What a dainty name she has, and a chatty persona. But she eats me up from the inside. She grows as she feeds on me; from being a slender shadow lurking behind the folds of my brain to becoming an alter-ego who takes over in my place when things get tough. As I grow weaker, this hostile takeover unfolds even when things aren’t that tough perhaps they’re just loud. Anxiety has sharp ears, you see. She catches every little crack, and some that are yet to be sounded. She observes more keenly than an elderly uncle sitting alone in the park. And what she sees and hears, she amplifies and projects to me an expert story peddler that she is. While drowning my senses in this cacophony, she takes over.

When she takes over, I lose myself for a few moments. The parts of me that are not her disappear in a snap.
But my insides fight back, despite their weak knees and muscles fatigued from constantly being curled up, stiff and uneasy; despite the short breaths that are drawing just enough oxygen to sustain. This is not a glorious fight like the ones that you see in movies. In fact, this makes me wonder how any fight can be glorious. But that’s for later.

Just like my rambly train of thought, this internal fight that I have with anxiety is also a twisted and messy affair. The helplessness and confusion I feel about it implodes into me and bubbles up, constricting my throat. Even air needs to be gulped down with effort.

There is little I can be sure of when I’m living with her. I realize that my perpetually sweaty palms that cant hold onto anything, and sweaty feet that make it impossible to get a grip on any surface are a wicked allegory to my uncertain life.

By draining me with these internal battles every day, Anxiety ensures that I cant accept external help. PLEASE LEAVE I scream to well-meaning people around me. The faint voice inside me that says Yes, I need help is swiftly countered with But you don’t even know if or how they can help you. How can you expect someone else to understand what you don’t.

By this point, I cant differentiate between her voice and mine. I give up, resolving to fight my own battles.
This singular voice then grows louder, and tells me things I think I had known all along: You are insufficient; you are a burden; you are the epitome of mediocrity; there’s nothing you are good at; there’s no one who genuinely likes you, you should be invisible; you are a terrible person; you should be ashamed of all your privilege; you make no difference to the world; you are unhealthy; you are dying; humanity is dead; the planet is dying; there’s no point to anything, why don’t you die?

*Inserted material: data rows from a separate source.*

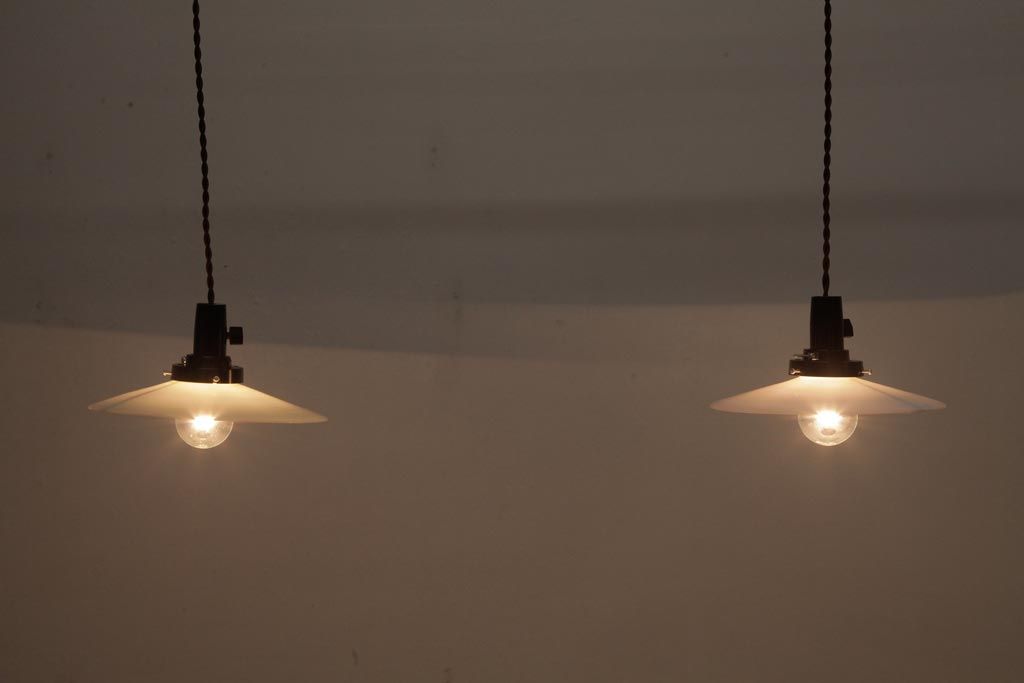 昭和レトロ　平笠シェードが昔懐かしいペンダントライト2個セット(天井照明、吊り下げ照明)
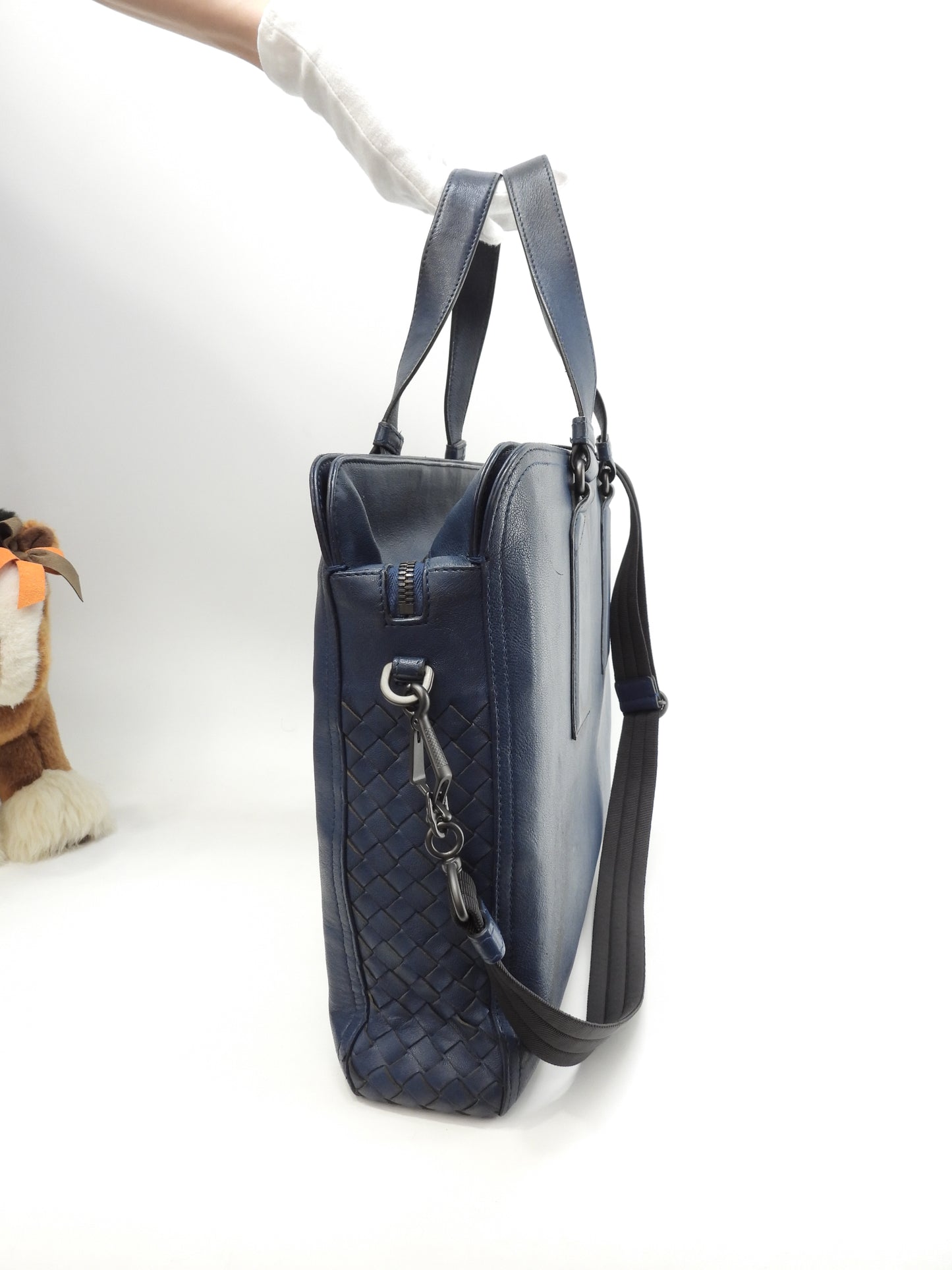 Bottega Veneta briefcase with S-shaped intrecciato pattern, blue and black leather, in good condition @B05324701Q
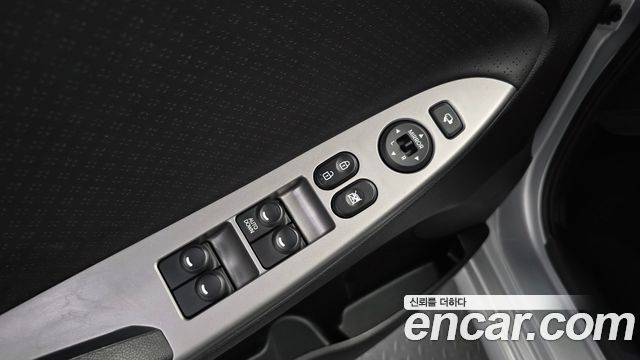 Hyundai Accent 2015 — photo 28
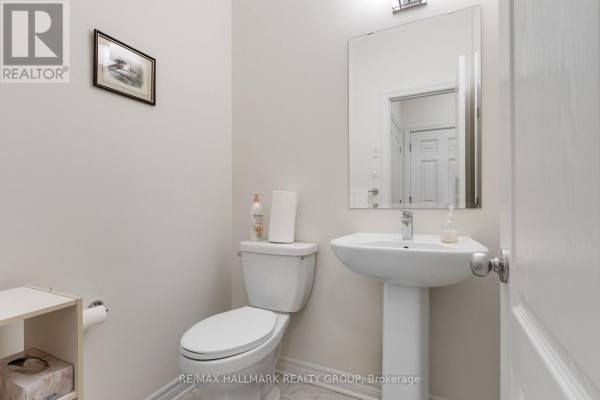 66 Kayenta Street, Ottawa, ON K2S2K7 Photo 5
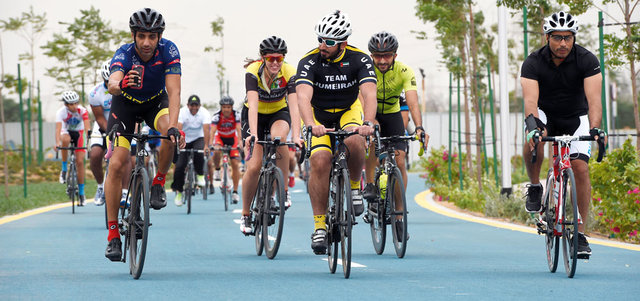 الريامي يشارك في المسيرة وإلى جواره أسامة الشعفار ومنصور العبار. من المصدر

These chants ring in my ears every day until I have become deaf to those around me saying reassuring words. Usually, they become background chatter and get filtered out.

But every once in a while, something a friend says breaks into my trance, like a patronus throwing off dementors which are sucking the life out of a person.

Patronus charms are odd you have to remember the happiest moments of your life when you’re facing an agent of death it takes all your will to do that. Many times, you’d simply succumb. But thankfully, my Anxiety is not as hasty as a dementor, and likes to devour me slowly.

So I’m practicing my patronus, with the help of mental health professionals: to ground myself when she is taking over, to question her fallacies when she whispers into my ear, and to accept help on some days. Ive learnt that this imps powers wane when she is confronted, listened to and reasoned with.

I don’t know if I will ever completely get rid of Anxiety. She has been inside me for so long, perhaps a dearly held souvenir from childhood when my anxious mother brought me up. But I try to not let her run amok. While I may fail on some days, I gain a new lease of life on the days I succeed to tame her.

Did you know that Anxiety is a killer?

But I’m becoming better at taming her, clammy hands and all.